I'm a sysadmin, not a DBA, and I inherited a legacy app after the developer
left the company. It's 4 early mod_perl (1.29) + early DBI (1.43) app
servers, going against postgres 7.4.6.
The DB just crapped itself a few days ago. In the postmortem, we found out
that the number of processes on the server had been climbing as the server
ran, going from having some 100 processes, to about 350, which we believe
were mostly idle postgres processes (someone else got the page-out for
support). The uptime was around 6 months.
In the 3 days since it died, I've been watching it and, once again, the
processes are climbing slowly again. They're idle postgres processes,
fairly evenly distributed against the app servers, and more interestingly,
if I do lsof|grep postgres, I see a large number of lines (now 55):
postmaste 24521 postgres 55u REG 58,0 16777216 2899982
I looked in the 7.4 docs about WAL. checkpoint_timeout is 300,
checkpoint_segments is 8, plenty of space in pg_xlog, but there's 18 files
in there, some a few hours old, which I would suspect would not be the case
if it were checkpointing properly.
Am I chasing up the right tree over these leaking processes/connections, or
is the WAL logs thing just a red herring?
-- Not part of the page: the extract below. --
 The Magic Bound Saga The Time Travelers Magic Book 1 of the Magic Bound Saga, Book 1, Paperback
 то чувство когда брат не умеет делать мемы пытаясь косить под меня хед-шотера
Sadly, I can't edit the app code,
and I doubt I could upgrade the DB unless I can really business-justify that
a minor change would do it (I'd probably have to stay in the 7.4 series due
to timid managers), but if there's little baby tweaks I'm missing, or if I
can say "yeah, this version of postgres leaks, plan for 3-month-reboots or
moving to 7.4.x", it'd work for me.
Thanks for any help!
Dave vs. Carl: The Insignificant Championship Series. Who will win?